Installing Boat Thrusters

Recreational and sports boats can either come already with thruster tunnels and propellers installed in their hull, or you may have to have a tunnel drilled in your vessel. It's best to let an experienced hand do the installation, as there is a complicated formula for determing the optimum placement of the tunnel, plus a compromise with other elements that might be present in the hull, like tanks and wiring, which will have to be compensated for by using another (usually more powerful) type of motor.

Custom installation is one of the services usually provided by suppliers of boat thrusters, usually done through their partnerships with local boat modifiers.

Depending on your boat's size and hull design, you can have single or double propellers, metal or composite materials, retractable or fixed axles, or one or two thrusters.

With a single bow thruster, you can counteract crossing winds or current, but with a stern thruster added, you can fully operate the boat sideways.

You can also have a time delay option for the motor. This ensures a delay of at least two seconds after the propeller stops before changing direction, which takes torque shock impacts out of the equation. Less shocks to the boat thruster's blades mean a longer-lasting boat thruster.

A major issue with installing thrusters is the possibility of increased drag on the hull when your boat is going forward. This is solved in two ways, depending on the type of boat you have. For sport boats that plane (lift) partly out of the water at cruing speeds, the tunnel for the thruster is placed in the part of the hull that lifts completely above the water. For boats with larger volumes, the water pressure is equalised inside and outside the operating thruster, which means less worries about drag. Still, you can install a scallop or fairing at the opening of the tunnel for optimum water flow.

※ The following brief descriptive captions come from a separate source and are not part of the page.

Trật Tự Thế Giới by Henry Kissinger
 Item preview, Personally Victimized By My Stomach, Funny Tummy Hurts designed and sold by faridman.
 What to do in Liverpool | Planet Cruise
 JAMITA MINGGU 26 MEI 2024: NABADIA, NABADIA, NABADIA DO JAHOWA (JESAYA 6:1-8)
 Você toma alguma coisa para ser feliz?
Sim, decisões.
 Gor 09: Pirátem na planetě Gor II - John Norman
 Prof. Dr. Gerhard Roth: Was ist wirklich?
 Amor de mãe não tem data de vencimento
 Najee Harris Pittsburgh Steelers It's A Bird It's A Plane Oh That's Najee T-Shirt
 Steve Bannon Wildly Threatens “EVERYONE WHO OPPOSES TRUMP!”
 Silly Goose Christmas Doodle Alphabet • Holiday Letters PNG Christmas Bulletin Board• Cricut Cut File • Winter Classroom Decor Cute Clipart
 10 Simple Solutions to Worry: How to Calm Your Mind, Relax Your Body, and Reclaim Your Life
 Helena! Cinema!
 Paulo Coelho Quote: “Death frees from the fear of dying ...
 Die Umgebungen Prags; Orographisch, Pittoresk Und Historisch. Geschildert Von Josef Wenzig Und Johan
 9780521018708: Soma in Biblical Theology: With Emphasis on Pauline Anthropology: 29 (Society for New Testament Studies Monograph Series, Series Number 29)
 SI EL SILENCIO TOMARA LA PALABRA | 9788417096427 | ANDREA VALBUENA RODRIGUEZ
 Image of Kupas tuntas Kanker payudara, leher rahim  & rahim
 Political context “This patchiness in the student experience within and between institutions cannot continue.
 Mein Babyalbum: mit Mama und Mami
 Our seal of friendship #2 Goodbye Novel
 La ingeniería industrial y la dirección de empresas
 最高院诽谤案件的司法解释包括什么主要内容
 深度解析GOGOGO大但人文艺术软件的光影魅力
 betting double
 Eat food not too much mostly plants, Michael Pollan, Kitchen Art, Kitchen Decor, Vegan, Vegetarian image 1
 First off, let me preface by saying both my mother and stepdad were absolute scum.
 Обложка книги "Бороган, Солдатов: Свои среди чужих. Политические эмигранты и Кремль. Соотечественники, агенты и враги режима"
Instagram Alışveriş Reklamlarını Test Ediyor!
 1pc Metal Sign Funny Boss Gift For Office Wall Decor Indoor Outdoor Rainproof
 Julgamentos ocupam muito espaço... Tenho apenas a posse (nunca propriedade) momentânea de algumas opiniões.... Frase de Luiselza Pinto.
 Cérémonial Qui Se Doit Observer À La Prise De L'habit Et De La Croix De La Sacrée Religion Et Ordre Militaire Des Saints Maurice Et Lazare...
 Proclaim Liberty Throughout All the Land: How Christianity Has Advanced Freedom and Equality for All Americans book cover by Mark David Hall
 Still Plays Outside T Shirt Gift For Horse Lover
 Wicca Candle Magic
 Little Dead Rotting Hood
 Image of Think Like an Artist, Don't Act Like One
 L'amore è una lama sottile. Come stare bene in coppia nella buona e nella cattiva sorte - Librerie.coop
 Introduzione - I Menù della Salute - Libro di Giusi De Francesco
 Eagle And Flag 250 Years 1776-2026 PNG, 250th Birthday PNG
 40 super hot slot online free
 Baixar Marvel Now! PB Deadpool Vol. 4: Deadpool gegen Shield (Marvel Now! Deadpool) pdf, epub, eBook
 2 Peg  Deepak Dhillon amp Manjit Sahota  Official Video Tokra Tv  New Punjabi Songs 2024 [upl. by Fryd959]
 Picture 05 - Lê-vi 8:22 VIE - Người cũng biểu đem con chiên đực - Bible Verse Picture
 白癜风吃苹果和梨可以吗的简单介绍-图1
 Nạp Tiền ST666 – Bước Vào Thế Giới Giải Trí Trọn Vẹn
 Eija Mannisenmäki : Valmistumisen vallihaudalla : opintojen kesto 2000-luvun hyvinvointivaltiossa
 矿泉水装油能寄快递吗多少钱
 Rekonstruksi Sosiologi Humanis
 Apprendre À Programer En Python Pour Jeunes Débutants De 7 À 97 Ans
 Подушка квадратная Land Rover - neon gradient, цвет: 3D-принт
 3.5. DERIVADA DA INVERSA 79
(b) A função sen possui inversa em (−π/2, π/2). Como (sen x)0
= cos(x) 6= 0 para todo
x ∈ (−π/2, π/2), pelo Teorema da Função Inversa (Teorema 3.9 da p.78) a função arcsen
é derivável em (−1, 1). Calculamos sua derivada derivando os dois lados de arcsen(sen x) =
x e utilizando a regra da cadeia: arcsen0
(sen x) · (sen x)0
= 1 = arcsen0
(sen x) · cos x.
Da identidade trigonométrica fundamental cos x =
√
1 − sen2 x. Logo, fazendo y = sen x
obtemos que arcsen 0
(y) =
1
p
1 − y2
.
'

Placing the tunnel is the most important factor in having an effective thruster. It must be fully submerged while running in order to prevent cavitation, which happens when the boat shudders from rotational forces in the hull and creates loud noises. It should also be placed as far forward as possible so the hull can act as a lever on the water. At the same time, thruster makers specify a minimum tunnel length for their devices to work. Finding a sufficiently thick point on the hull that addresses these issues without intruding on the rest of the boat's systems requires the service of a specialised installer.